Re: [PATCH printk v2 3/4] printk: Skip unfinalized records in panic

From: John Ogness
Date: Wed Oct 18 2023 - 09:46:13 EST


On 2023-10-18, Petr Mladek <pmladek@xxxxxxxx> wrote:
> Wait! This means that your patch actually does not work. Here is the diff:
>
> --- a/kernel/printk/printk.c
> +++ b/kernel/printk/printk.c
> @@ -2815,8 +2815,19 @@ static bool printk_get_next_message(struct printk_message *pmsg, u64 seq,
> else
> prb_rec_init_rd(&r, &info, outbuf, outbuf_sz);
>
> - if (!prb_read_valid(prb, seq, &r))
> - return false;
> + while (!prb_read_valid(prb, seq, &r)) {
> + if (this_cpu_in_panic() && seq < prb_next_seq(prb)) {
> + /*
> + * The record @seq is not finalized and there may be
> + * more records in the ringbuffer. Since this is the
> + * panic CPU, skip over the unfinalized record and
> + * try to read a finalized record that may follow.
> + */
> + seq++;
> + } else {
> + return false;
> + }
> + }
>
> pmsg->seq = r.info->seq;
> pmsg->dropped = r.info->seq - seq;
>
> It skips the invalid reads only when seq < prb_next_seq(). But
> prb_next_seq(prb) points to the 1st non-finalized record. And
> all records with seq < prb_next_seq() must be finalized!

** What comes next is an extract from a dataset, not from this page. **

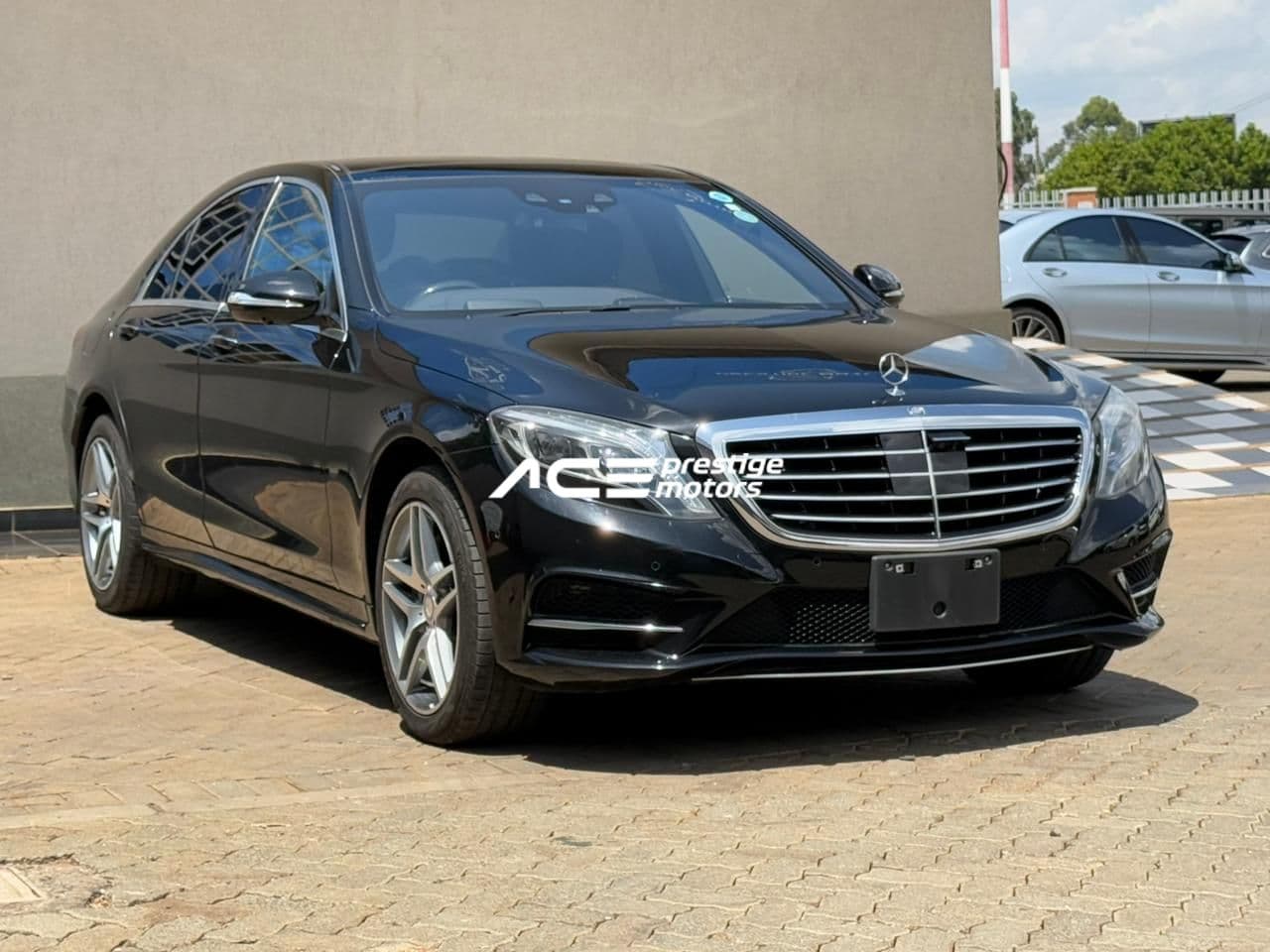 Image of Mercedes Benz S400h YOM - 2017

Please take a look at prb_next_seq(). It _starts_ its search from:

id = atomic_long_read(&desc_ring->last_finalized_id);

For console_flush_on_panic(), @last_finalized_id will _always_ be set to
the last finalized message of the panic messages, being higher than any
non-finalized records that may exist. There are no other CPUs running
except the panic CPU.

> And it is even wrong. I still believe that dataless records are
> quietly skipped. Here is the code:
>
> static bool _prb_read_valid(struct printk_ringbuffer *rb, u64 *seq,
> struct printk_record *r, unsigned int *line_count)
> {
> while ((err = prb_read(rb, *seq, r, line_count))) {
> [...]
> } else if (err == -ENOENT) {
> /* Record exists, but no data available. Skip. */
> (*seq)++;
>
> } else {
> }
> [...]
> }

Yes, this is the code. But prb_read() returns _true_ for data-less
records. You are confusing data-less records (which are valid records
containing the empty string) with "no data available" (which are records
that have lost their data).

Your confusion shows that we should improve the language. I am working
on a patch that does this.

> Note that "seq" is incremented and the cycle continues. It means
> that it tries to read the next record. It does _not_ return
> "true" when seeing dataless record, definitely.

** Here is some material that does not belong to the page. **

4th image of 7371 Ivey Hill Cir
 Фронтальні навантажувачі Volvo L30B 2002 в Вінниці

I showed you where to look: get_data() has an extra check for data-less
records. It returns a valid string "", not NULL.

>> that it is just a brief internal comment. It also says:
>>
>> * See the description of prb_read_valid() and prb_read_valid_info()
>> * for details.
>
> This does not help because these two functions do not describe
> how the seq is modified. And there are clearly three possibilities
> when it returns false:
>
> 1. The record for the given seq number has not been finalized
> yet. In this case, it keeps "seq" as it was.
>
> 2. The record for the given seq has been dataless. In this case
> it would try to advance seq until it finds a record with
> the data or not-yet-finalized one.

"dataless" is the wrong word. It should be "lost data". It is skipped
because there is no data available (because it was lost) for the reader
to read. This is _not_ the case where it is a finalized fully intakt
record containing an empty string.

>
> 3. The given seq number has been invalid, above the head.
> In this case, it keeps "seq" intact. So same as 1st case.
>
> Note that "seq" was not updated in the 1st and 3rd case. But the
> current comment suggests that it is updated.
>
> Well, it might be updated in all situations when then given
> seq pointed to an already overwritten record (below tail).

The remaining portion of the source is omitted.